Royal Women of Slave Dynasty

Qutub-ud-din Aibak was the first ruler of the early Turkish Sultanate of Delhi, popularly known as the Slave dynasty. His eldest daughter was married to Nasir-ud-Din Qabacha, another slave of Muhammad Ghori. When she died Qabacha married Aibak's youngest daughter. Aibak's second daughter was married to Sultan Shams-ud-din Iltutmish.

Khudawanda-i-Jahan Shah Turkan was the wife of Sultan Shams al-Din Iltutmish and mother of Rukn-ud-din Firuz. She was the first royal lady taking active part in political matters. She was originally a Turkish hand-maid, but her bounty, benevolence and charity towards the Ulama, Sayyids, priests and recluses was very great.

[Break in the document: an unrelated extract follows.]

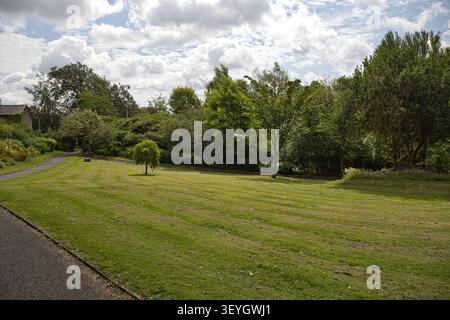 Tondez de la pelouse verte et des allées asphaltées devant la véranda du Philips Park, Whitefield, Bury, Greater Manchester, Royaume-Uni. Banque D'Images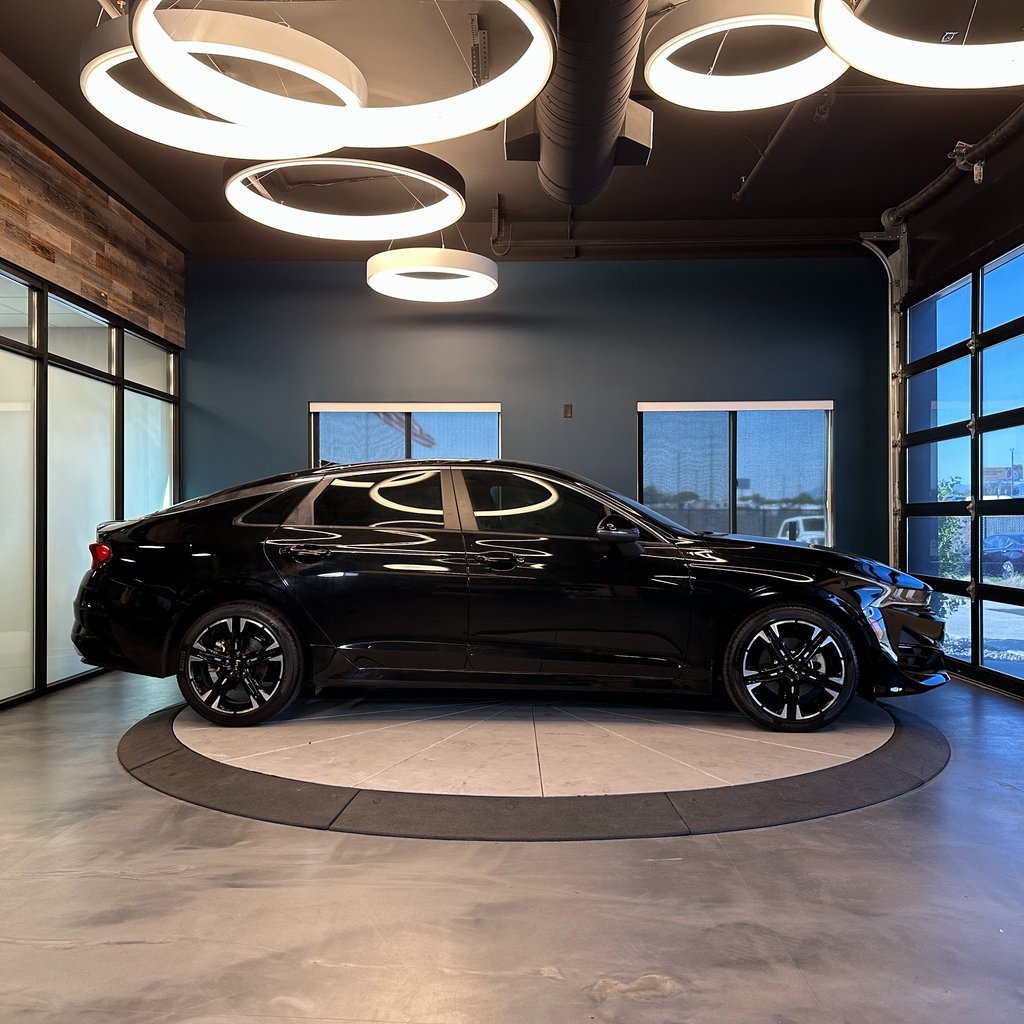 Used 2024 Kia K5 GT-Line w/ GT-Line Premium Package image 2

Shah Turkan, wife of Iltutmish

After the death of Iltutmish in 1236, the maliks and grandees of the kingdom placed his eldest [surviving] son Rukn-ud-din Firuz on the throne. When he acquired the imperial dignity, Rukn-ud-din devoted himself to pleasures and the affairs of the kingdom fell into disorder. Shah Turkan then began to assume the decision of state affairs. She had been jealous of other ladies of Iltutmish's harem. As she acquired great power and influence; she took revenge of them and murdered many of them. Shah Turkan and Rukn-ud-din blinded Qutb al-Din, the infant son of Iltutmish, and finally put him to death. The minds of the people turned against them and revolts occurred in many parts of the country. Prince Ghias-ud-din Muhammad Shah, the younger brother of Rukn-ud-din, and the governor of Oudh (Awadh), raised the first revolt. Malik Izz al-Din Salari, the governor of Budaun, Malik Ala-ud-din Jani, governor of Lahore, Malik Kabir Khan, the governor of Multan, and Malik Saif-ud-din Kuji, the governor of Hansi, entered into a confederacy, which broke out into open rebellion. Rukn-ud-din marched from Delhi to suppress the rebellion. The wazir Nizam-ul-Mulk Junaidi became frightened fled from Delhi and retired towards Kol and joined the confederates. The Sultan mean time marched towards Kohram; but on reaching Mansurpur seven of his principal chiefs deserted him, and retired with their troops to Delhi. Meanwhile in Delhi Shah Turkan conspired against Raziyya, the crown princess, to put her to death. The people of Delhi rose in her defense. Shah Turkan was imprisoned and Raziyya was placed on the throne. The people joined Raziyya and swore their allegiance to her, and placed her on the throne.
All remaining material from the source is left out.